Ruben,
ruben said:
Hi Eugene,
You are making two interesting points for further thinking.
What is the real "inside" story of the Arsenal factory ? My common sense tells me that the latter Kievs do reflect the status of latter arms production, as for me it doesn't make sense that within a military factory section A is highly quality surveiled while at section C everybody is sloppy and sleepy. I mean this may be but within rather stretch margins. Obviously, I am speculating.

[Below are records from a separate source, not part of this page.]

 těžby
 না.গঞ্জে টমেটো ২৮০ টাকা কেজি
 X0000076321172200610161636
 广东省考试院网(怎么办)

The means end ends in planned economy go beyond pedestrian common sense
🙂
One big difference between military and (most of) civilian manufacture was amount of responsibility. In case of latter, you could get away with a lot of things, since quantitative approach prevailed. However, one could get very real personal problems for failing military acceptance, and more often it were people in charge rather than floor workers, since that's who high brass from military interacted with. Realities of Soviet manufacture everywhere made for a lot of tragic-comic stories, you can learn some from about anyone who been involved there.

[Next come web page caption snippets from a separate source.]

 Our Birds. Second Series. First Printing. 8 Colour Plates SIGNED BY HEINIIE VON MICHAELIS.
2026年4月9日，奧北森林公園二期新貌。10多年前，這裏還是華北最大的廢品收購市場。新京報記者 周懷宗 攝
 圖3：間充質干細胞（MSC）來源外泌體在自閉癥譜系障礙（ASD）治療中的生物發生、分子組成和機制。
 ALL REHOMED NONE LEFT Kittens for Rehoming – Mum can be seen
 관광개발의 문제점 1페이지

A coworker at my fist job was a computer designer at a large design bureau in 1970s-1980s. Their job was mostly reverse-engineering DEC and IBM equipment (software, hardware, down to integrated circuits used) and producing blueprints for manufacturing of, accordingly, СМ-ЭВМ and ЕС lines. At some point, they had to deliver a mobile (that is, army truck mounted) computer solution for military. However, they were plagued with overheating problem, located down to a chip manufactured in (then Soviet) Estonia.
The chip was supposedly exact copy of Motorola military grade device, but failed to perform within spec. In despair the bureau located Korean facility that produced original Motorola microchips, but the chipset was already discontinued. So they had to place an order, through a KGB-controlled proxy company, for making a small run of those.
Which was great, except that new chips were coming to late. So during acceptance test, the said coworker had to sit in a room behind and fan the computer's problem area with a sheet of fiberglass. The project was accepted, Estonians managed to correct their manufacturing eventually and everyone was happy.
Why am I telling this? Because, no one in USSR would've bothered to do all that for non-military product.
Additionally, there was different range of parts and materials available for military and civilian sectors. E.g. some sorts of brass were unavailable to camera manufacture. In electronics, USSR had 7 grades of transistor quality (contrasted to 2 in the West): the better ones were prioritized for "important" applications.
It is not a whole picture of course, there been examples to contrary in both areas. But it should help understanding why Soviets could produce a perfectly capable, original battletank, or put man in the orbit, but fail to make a Lada that doesn't fall apart.